START LISTED ENTRIES
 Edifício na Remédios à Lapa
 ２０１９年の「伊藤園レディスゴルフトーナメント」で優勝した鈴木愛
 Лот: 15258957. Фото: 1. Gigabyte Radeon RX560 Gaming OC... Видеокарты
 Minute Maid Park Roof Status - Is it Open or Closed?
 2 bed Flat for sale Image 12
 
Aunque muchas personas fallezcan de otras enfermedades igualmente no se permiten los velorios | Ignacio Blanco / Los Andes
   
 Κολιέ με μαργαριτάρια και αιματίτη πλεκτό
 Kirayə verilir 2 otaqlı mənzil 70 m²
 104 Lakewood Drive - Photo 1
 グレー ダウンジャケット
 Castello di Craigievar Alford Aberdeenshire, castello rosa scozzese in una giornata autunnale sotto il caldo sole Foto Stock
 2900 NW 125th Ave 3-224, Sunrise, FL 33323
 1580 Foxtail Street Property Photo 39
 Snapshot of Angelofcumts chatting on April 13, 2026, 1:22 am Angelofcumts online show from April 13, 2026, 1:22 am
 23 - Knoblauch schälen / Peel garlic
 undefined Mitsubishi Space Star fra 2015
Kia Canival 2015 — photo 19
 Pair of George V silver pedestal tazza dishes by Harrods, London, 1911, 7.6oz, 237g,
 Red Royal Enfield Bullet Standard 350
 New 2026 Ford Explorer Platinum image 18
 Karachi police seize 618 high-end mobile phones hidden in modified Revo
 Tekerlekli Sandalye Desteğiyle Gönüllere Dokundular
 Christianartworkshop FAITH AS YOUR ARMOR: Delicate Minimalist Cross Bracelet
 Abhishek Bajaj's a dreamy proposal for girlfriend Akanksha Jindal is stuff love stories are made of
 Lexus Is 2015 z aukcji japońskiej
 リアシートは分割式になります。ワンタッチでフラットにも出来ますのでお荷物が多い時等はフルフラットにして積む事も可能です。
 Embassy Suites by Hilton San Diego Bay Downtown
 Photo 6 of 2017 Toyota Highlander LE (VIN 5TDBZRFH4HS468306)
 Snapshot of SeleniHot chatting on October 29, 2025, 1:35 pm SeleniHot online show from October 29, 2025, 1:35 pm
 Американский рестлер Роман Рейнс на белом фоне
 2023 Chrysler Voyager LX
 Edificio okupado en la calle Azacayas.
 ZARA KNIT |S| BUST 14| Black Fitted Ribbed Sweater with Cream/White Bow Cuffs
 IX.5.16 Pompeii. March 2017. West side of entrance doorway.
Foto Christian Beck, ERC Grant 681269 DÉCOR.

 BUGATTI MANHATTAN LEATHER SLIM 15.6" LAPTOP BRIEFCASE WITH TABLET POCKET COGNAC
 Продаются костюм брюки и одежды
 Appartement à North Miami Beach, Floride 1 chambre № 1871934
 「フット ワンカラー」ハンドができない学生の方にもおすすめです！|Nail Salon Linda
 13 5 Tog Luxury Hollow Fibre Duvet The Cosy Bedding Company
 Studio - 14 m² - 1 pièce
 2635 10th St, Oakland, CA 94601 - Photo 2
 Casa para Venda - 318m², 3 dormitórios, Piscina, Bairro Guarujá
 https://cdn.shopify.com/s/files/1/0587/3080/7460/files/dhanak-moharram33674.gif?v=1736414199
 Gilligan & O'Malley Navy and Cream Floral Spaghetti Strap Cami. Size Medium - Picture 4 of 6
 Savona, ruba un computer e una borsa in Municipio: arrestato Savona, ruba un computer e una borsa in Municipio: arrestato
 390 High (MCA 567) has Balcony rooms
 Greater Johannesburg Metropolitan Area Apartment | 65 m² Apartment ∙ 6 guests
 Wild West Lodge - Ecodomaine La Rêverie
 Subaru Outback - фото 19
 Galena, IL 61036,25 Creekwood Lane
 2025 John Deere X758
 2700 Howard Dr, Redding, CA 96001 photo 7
END LISTED ENTRIES
* _TASK STATEMENT_: Using the entries above, extract exactly the span from the line with "ZARA KNIT |S|" to the line with "2635 10th St, Oakland, CA 94601 - Photo 2", both lines included; leave out everything else.

* _SOLUTION_:
 ZARA KNIT |S| BUST 14| Black Fitted Ribbed Sweater with Cream/White Bow Cuffs
 IX.5.16 Pompeii. March 2017. West side of entrance doorway.
Foto Christian Beck, ERC Grant 681269 DÉCOR.

 BUGATTI MANHATTAN LEATHER SLIM 15.6" LAPTOP BRIEFCASE WITH TABLET POCKET COGNAC
 Продаются костюм брюки и одежды
 Appartement à North Miami Beach, Floride 1 chambre № 1871934
 「フット ワンカラー」ハンドができない学生の方にもおすすめです！|Nail Salon Linda
 13 5 Tog Luxury Hollow Fibre Duvet The Cosy Bedding Company
 Studio - 14 m² - 1 pièce
 2635 10th St, Oakland, CA 94601 - Photo 2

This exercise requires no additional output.